5. Final Touches and Serving:
Give the salad a taste and add a little extra salt, pepper, or lemon juice if you want more zing. If you like, sprinkle toasted walnuts or pecans on top for a nice crunchy bite. You can serve this salad right away or chill it in the fridge for about 30 minutes to let the flavors meld. Enjoy it as a fresh light meal or a side dish!
Can I Use a Different Pasta Instead of Rigatoni?
Absolutely! Penne, rotini, or fusilli all work well because they hold the dressing nicely. Just cook them until al dente and follow the same steps.

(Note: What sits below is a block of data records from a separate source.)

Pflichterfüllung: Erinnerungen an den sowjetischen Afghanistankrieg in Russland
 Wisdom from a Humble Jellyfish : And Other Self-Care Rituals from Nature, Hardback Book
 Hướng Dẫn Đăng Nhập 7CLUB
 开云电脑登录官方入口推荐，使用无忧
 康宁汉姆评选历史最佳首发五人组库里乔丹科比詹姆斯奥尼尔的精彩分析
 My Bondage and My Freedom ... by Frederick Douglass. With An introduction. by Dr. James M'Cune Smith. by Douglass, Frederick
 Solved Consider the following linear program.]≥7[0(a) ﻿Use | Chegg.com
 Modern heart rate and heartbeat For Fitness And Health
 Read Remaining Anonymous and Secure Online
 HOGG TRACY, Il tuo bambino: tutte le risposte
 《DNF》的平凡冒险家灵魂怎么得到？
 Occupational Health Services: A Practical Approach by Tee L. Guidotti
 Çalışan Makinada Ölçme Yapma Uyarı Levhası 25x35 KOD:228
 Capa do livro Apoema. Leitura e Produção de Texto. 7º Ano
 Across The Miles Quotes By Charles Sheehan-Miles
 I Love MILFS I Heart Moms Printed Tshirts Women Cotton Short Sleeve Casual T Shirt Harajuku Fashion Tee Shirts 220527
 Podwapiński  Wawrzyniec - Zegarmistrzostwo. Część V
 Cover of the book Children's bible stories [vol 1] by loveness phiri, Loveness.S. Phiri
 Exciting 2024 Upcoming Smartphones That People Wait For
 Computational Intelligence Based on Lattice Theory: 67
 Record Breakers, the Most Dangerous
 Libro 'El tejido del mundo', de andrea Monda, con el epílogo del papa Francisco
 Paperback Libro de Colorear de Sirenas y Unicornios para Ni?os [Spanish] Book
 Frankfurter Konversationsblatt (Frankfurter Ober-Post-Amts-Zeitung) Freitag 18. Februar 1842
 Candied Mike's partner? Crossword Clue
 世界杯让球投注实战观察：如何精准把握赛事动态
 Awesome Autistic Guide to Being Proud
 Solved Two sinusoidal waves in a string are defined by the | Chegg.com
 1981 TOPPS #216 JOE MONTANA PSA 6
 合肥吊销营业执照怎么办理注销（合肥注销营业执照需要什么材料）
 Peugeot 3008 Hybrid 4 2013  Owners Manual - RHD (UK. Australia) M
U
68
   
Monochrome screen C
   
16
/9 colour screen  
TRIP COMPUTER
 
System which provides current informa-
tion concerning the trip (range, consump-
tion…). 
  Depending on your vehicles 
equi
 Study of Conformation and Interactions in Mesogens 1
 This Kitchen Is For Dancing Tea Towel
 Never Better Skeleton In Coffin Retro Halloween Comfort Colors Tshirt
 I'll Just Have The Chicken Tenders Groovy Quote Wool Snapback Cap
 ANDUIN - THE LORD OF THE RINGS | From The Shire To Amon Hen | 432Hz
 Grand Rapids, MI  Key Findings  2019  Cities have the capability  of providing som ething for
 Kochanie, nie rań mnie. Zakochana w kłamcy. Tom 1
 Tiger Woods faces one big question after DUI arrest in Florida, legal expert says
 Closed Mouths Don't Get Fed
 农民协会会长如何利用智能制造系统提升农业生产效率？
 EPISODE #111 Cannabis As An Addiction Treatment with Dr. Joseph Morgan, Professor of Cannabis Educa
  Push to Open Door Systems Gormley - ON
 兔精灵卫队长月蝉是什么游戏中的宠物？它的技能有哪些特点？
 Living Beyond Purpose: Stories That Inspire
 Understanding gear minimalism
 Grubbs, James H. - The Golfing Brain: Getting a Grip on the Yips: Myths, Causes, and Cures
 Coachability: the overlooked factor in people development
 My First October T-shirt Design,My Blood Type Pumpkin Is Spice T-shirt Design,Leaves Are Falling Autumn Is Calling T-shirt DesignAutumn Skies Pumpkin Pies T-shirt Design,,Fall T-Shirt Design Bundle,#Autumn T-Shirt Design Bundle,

Can I Make This Salad Ahead of Time?
Yes, you can prepare the salad a few hours in advance and chill it. Toss again before serving to refresh the flavors. Keep any crunchy toppings separate until just before serving to maintain their texture.
How Should I Store Leftovers?
Store leftovers in an airtight container in the refrigerator for up to 3 days. Give the salad a good stir before serving, and add extra dressing if it feels dry.
Can I Substitute the Feta Cheese?
You can swap feta for goat cheese or even fresh mozzarella for a milder flavor. For a dairy-free option, use a plant-based cheese or simply omit it and add extra nuts for texture.